La mañana en Vitoria-Gasteiz comienza con el aire fresco que se cuela entre las callejuelas del Casco Viejo. Tras un desayuno rápido en el Café Dublín, con tostadas y café con leche, salimos rumbo al norte con un solo plan: disfrutar de una de las rutas más escénicas del País Vasco y cruzar la frontera hacia Francia en busca de mar, sabores y vistas inolvidables.

La carretera N-1 nos guía serpenteando entre valles y colinas. A medida que dejamos atrás Álava y nos adentramos en Gipuzkoa, los tonos verdes se intensifican, los montes se vuelven más abruptos, y el cielo parece bajar hasta rozar las copas de los árboles. A mitad de camino, una parada en Tolosa nos recuerda por qué el País Vasco es sinónimo de buen comer: en el restaurante Botarri, una sidrería tradicional, las chuletillas y la tortilla de bacalao nos devuelven el alma al cuerpo.

El viaje continúa rumbo a la joya costera del norte: San Sebastián. Llegamos poco después del mediodía y nos recibe la majestuosa Playa de la Concha, donde turistas y locales se mezclan en la arena dorada mientras los surfistas buscan olas más allá de la bahía.
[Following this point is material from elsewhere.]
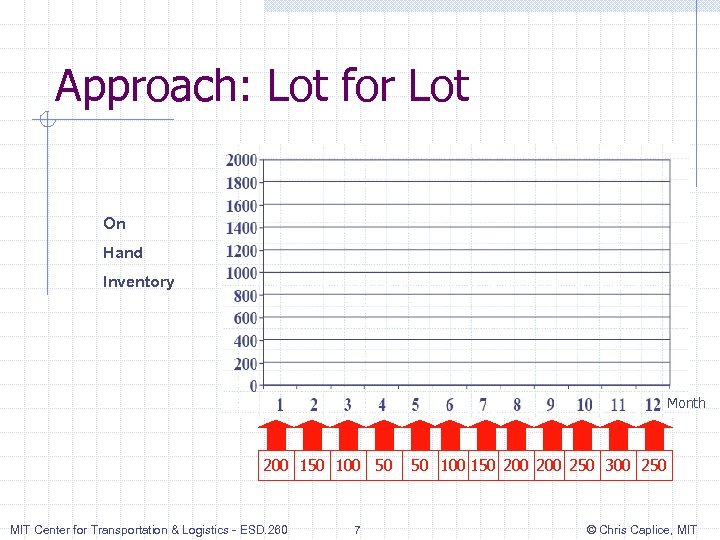 Approach: Lot for Lot On Hand Inventory Month 200 150 100 50 MIT Center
El agua está fresca, pero el sol aprieta lo justo para disfrutar un buen rato en la playa.

Después de caminar por el paseo marítimo, toca el ritual donostiarra por excelencia: los pintxos. El casco antiguo es un festival de bares, y nosotros elegimos Borda Berri y Gandarias, donde nos deleitamos con carrilleras, risottos en miniatura y el infaltable txakoli, ese vino blanco y ácido que acompaña con frescura cada bocado.


Por la tarde, retomamos la ruta por la costa hacia el este. La GI-636 serpentea junto al mar, regalando postales desde el volante: acantilados que se funden con el Cantábrico, túneles tallados en la roca, y pequeños pueblos con tejados rojizos que salpican el paisaje.

En menos de una hora, cruzamos la frontera sin darnos cuenta. Francia nos da la bienvenida con su encanto delicado. Saint-Jean-de-Luz aparece como una pintura: casas blancas con contraventanas rojas, aroma a pan recién horneado, y una bahía tranquila donde el mar parece un espejo.

Estacionamos cerca del bulevar Thiers y caminamos hasta la Grande Plage, una playa amplia y familiar, resguardada por diques naturales. Ideal para una última zambullida antes del atardecer. Las olas aquí son suaves, el ambiente relajado, y el contraste con San Sebastián inmediato: aquí todo es más pausado, más dulce.


Para cerrar el día, cena en Chez Kako, donde los mariscos son protagonistas. Ostras, chipirones a la plancha y una copa de vino blanco del País Vasco francés completan la jornada con sabor y elegancia.

Volver a Vitoria será mañana. Hoy, el camino fue el destino.